The complexity arises when researchers attempt to force the obfuscation process to result in a document with the same level of penmanship as what went in. Scrambling a text is trivial, but having that text be both obfuscated and a grammatically correct translation of the original text is a herculean task.

The most popular technique that is in practical use for this kind of thing is translator chaining. This is referred to in the academic literature as “round trip machine translation”.

This technique consists of filtering text through a series of different translators from one random language to another, and then returning the translation back to the original language. Another variant of this process leaves the text in a different language than it began in.

A fun project idea would be a webapp that hooks into various translator APIs to automate this process for people doing this with large amounts of text. Doing the translator chaining by hand using web interfaces is very tedious. Having a model that allows you to swap between several different API’s and translator services would definitely be a useful public service.

It would also be possible to develop a tool like this that operated with some offline translation software tool that could be used to reduce the digital footprints involved. There is obviously a risk that the text being translated to be saved and recovered by the provider of the API(s) that were used to do the chaining.

Such an issue means that the project would be required to provide access to several alternative services that are hosted within different legal jurisdictions. Different actors would chose the legal range of their respective threat model. If they were in China for example they might use the Yandex Translate API or the Google Translate API rather than Baidu for their secret message.

The chaining method has been studied several times, and was introduced in Rao et al. Their proposal in this paper only involved testing single round trips between languages (e.g. English → Chinese → English). Later research showed that such a low number of rounds is not at all effective for document anonymization purposes.

Many papers that followed the original Anonymouth paper construct diverse solutions which seem at first glance to be excessively complex. Many of the subsequent techniques involve complex NLP or machine learning.

A much simpler solution to make the Rao et al method work is simply add more translations into the chain. This can create an incredibly obfuscatory effect. The problem with this solution should be clear to anyone.
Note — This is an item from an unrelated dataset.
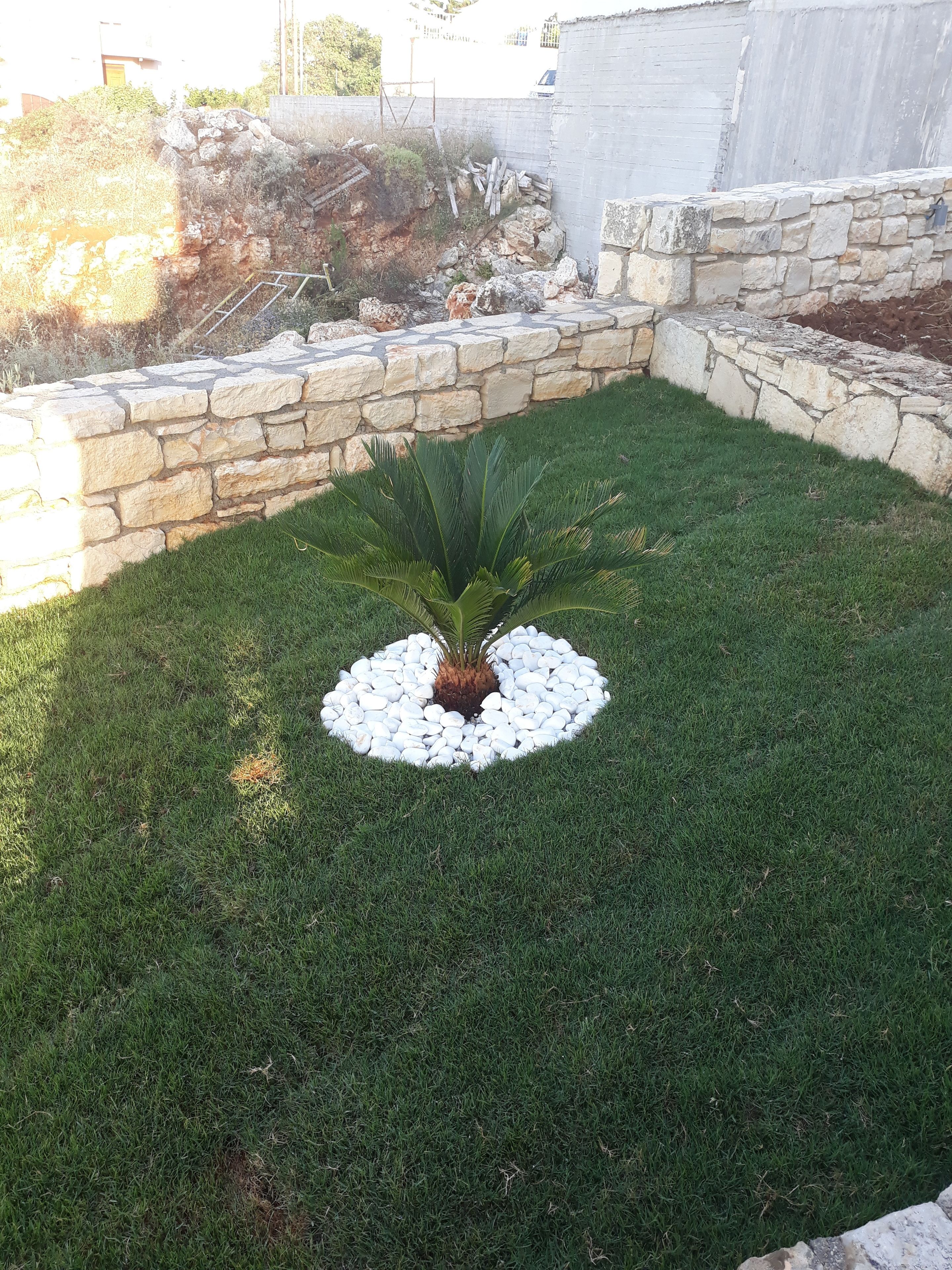 Un jardin aménagé avec une plante centrale ressemblant à un palmier, entourée de petits galets blancs et d’herbe verte.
When you chain too many translators together the information content of the original message is disturbed significantly. To fix this you would have to take the chained text and potentially introduce several minor modifications back into it until the original meaning is restored somewhat.

Adding back in information is a huge problem with the technique as every modification after the translator chain you are reducing the entropy that you just went to terrible lengths to inject into the text. This is the fine line that most of the approaches here have to walk.
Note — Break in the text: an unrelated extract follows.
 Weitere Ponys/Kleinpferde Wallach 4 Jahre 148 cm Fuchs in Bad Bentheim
It is easy to take a text and obfuscate it until it is no longer readable and claim that it is now anonymous. Anonymous gibberish without meaning isn’t relevant to anyone’s interest. The question is where you draw the line between obfuscation and anonymity while still retaining a cohesive sense of meaning.

I would like to come back to this post and write my thoughts on newer techniques and approaches to the idea that people have created. For now I don’t have the time though, so here is partial bibliography I would use in such a post that includes some relevant papers and abstracts in this small subfield.

A Girl Has No Name: Automated Authorship Obfuscation using Mutant-X (2019)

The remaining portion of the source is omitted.